Let’s hop in our way-back machines today and take a short trip. What’s that? You don’t have a way-back machine? Well, you can all pile in mine, but keep your feet off the seats please!
Our journey is a quick one this time, just about a year and half ago. I was given the time opportunity I had been missing to finally relax and begin writing. Although I had a number of things I wanted to write about, some long and some short, I was eager to get started on my fantasy adventure novel I had been bouncing in my head for many years.
I sat in my newly remodeled home office (and that’s a story for you — another time) in my newly purchased comfy chair and in front of my not-so-newly purchased but still pretty wide-screen monitor and…..stared. And stared. I blinked, flexed my fingers, shifted my seat and….stared.

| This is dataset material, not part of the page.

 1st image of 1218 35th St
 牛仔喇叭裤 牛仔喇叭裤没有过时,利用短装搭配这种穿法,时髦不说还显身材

For some reason, I just couldn’t get started. Not just the words, but the whole idea just wouldn’t come out. Oboy. I knew that one thing was essential to my career as a writer…I had to be able to actually write!

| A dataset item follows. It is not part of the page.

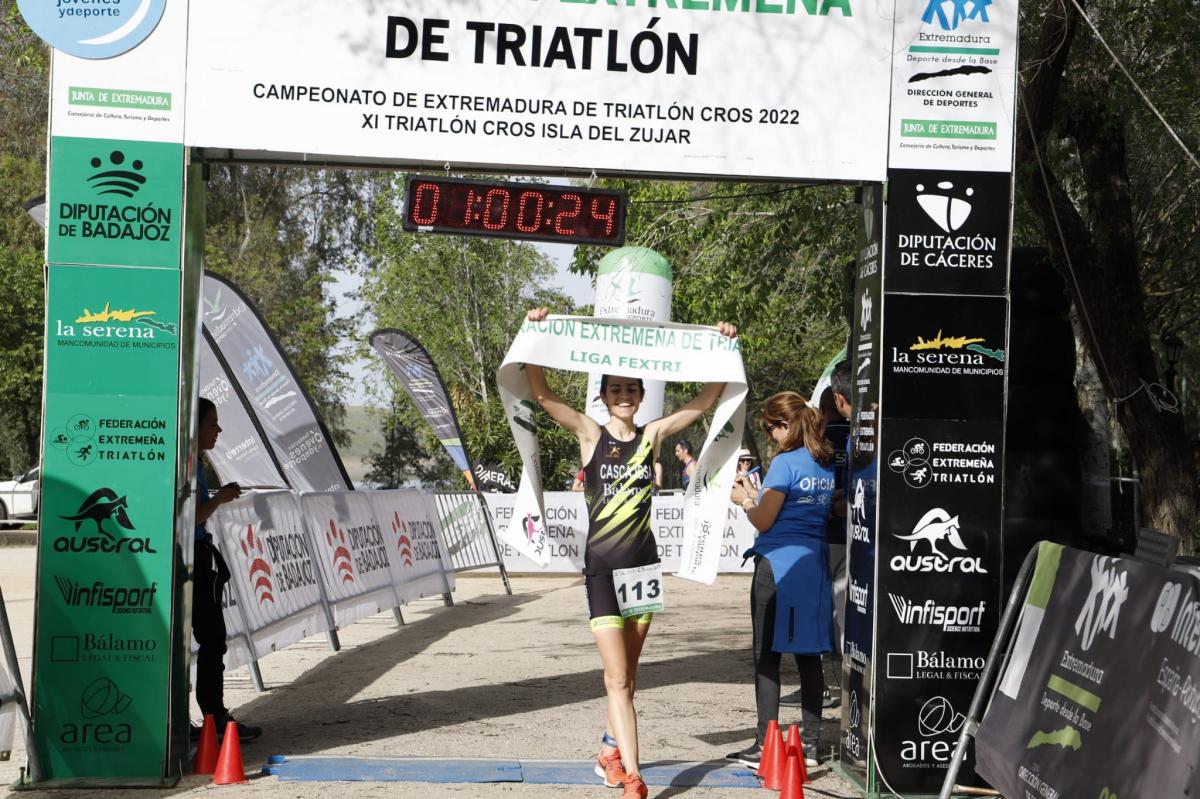 Irene Cascajosa se proclama campeona de Extremadura de Triatlón Cros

I hit on the idea that the setting was too formal. I’m not a very formal guy. I might even be considered a bit of a goof, but I don’t know if I should admit that for fear of hurting my public image (although, as we’ve talked, my public probably isn’t big enough yet to be called a “public”). My next thought was to sit out on my patio with a wide expanse of green grass, pine trees and extremely quick and energetic squirrels. Feh.
Had 15+ years of Finance and Accounting ruined me? Had years of regimented office work with schedules and meetings stifled my ability to imagine? Had I run out of ways to extend this blog with stalling questions? Yeah, yeah, I’ll get to the point. Sorry.
In a nod to my previously ordered life, I mapped out an extended plot for the book, writing up about two pages for each chapter I envisioned, including some dialog for key scenes I saw in my head. At the time, the book was planned to be about 20 chapters. I ultimately decided to shorten the chapters for quicker reading and smoother pace.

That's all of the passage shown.